2. Chaotic phase – For intermediate initial cooperation and moderate connectivity, the system never settles into a fixed point. Cooperative and defective agents continually appear and disappear, producing large temporal fluctuations in the global cooperation level while the time‑averaged cooperation remains roughly constant. This reflects the formation and dissolution of local cooperative nuclei that propagate through the network.
3. Defective phase – With low initial cooperation or high connectivity, defectors quickly out‑compete cooperators, leading to a near‑complete dominance of defection.

The PES yields a different phenomenology. Two phases are observed:

1. Cooperative phase – Similar to DES but occupying a broader region of the parameter space. The win‑stay component stabilizes existing cooperative clusters, making cooperation more resilient to invasion by defectors.
2. Quasi‑regular phase – The system does not converge to pure cooperation or pure defection. Instead, it settles into a dynamic equilibrium where cooperation and defection alternate in a regular or stochastic pattern. This regime is especially pronounced on networks with high clustering coefficients, where local win‑lose events generate waves of strategy changes that sustain a perpetual oscillation.

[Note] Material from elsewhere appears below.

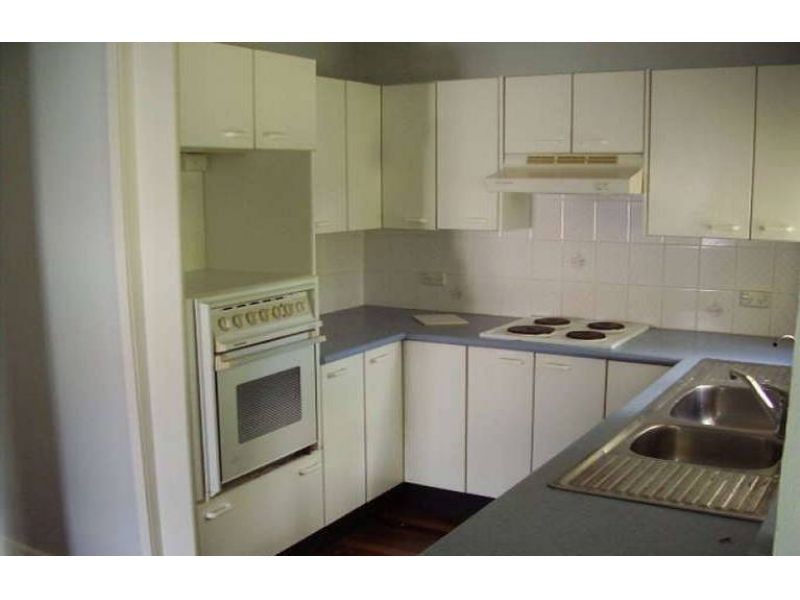 64 Pembroke Street, Carina QLD 4152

The authors analyze the phase boundaries by varying the initial cooperation density, the average degree, and the clustering coefficient. They find that network topology strongly influences which regime is reachable: scale‑free networks tend to favor the defective phase under DES because hubs quickly spread defection, whereas highly clustered lattices promote the quasi‑regular phase under PES.

Key insights from the study include:

• Non‑triviality of T = 1 – Even the minimal temptation value can generate complex collective behavior when agents interact with multiple partners.
• Role of update rules – The choice between fitness‑based copying (DES) and reinforcement‑based switching (PES) determines not only the number of possible phases but also the stability and robustness of cooperation.
• Impact of network structure – Degree distribution, average connectivity, and clustering modulate the location of phase transitions, highlighting the necessity of incorporating realistic interaction patterns in evolutionary game models.
• Implications for real systems – Biological, social, and economic systems often involve many simultaneous interactions; the findings suggest that simplistic pairwise analyses may underestimate the potential for cooperation or for persistent, fluctuating dynamics.

In conclusion, the paper provides compelling evidence that the lowest temptation level in the Prisoner’s Dilemma is far from trivial in multi‑player, networked settings. By systematically comparing Darwinian and Pavlovian evolutionary strategies across diverse topologies, the authors reveal that the same qualitative repertoire of cooperative, chaotic, defective, and quasi‑regular behaviors observed for T > 1 also manifests at T = 1, provided the interaction structure is sufficiently rich. This work calls for a reassessment of “edge‑case” parameter choices in evolutionary game theory and underscores the importance of jointly modeling interaction networks and strategy‑update mechanisms.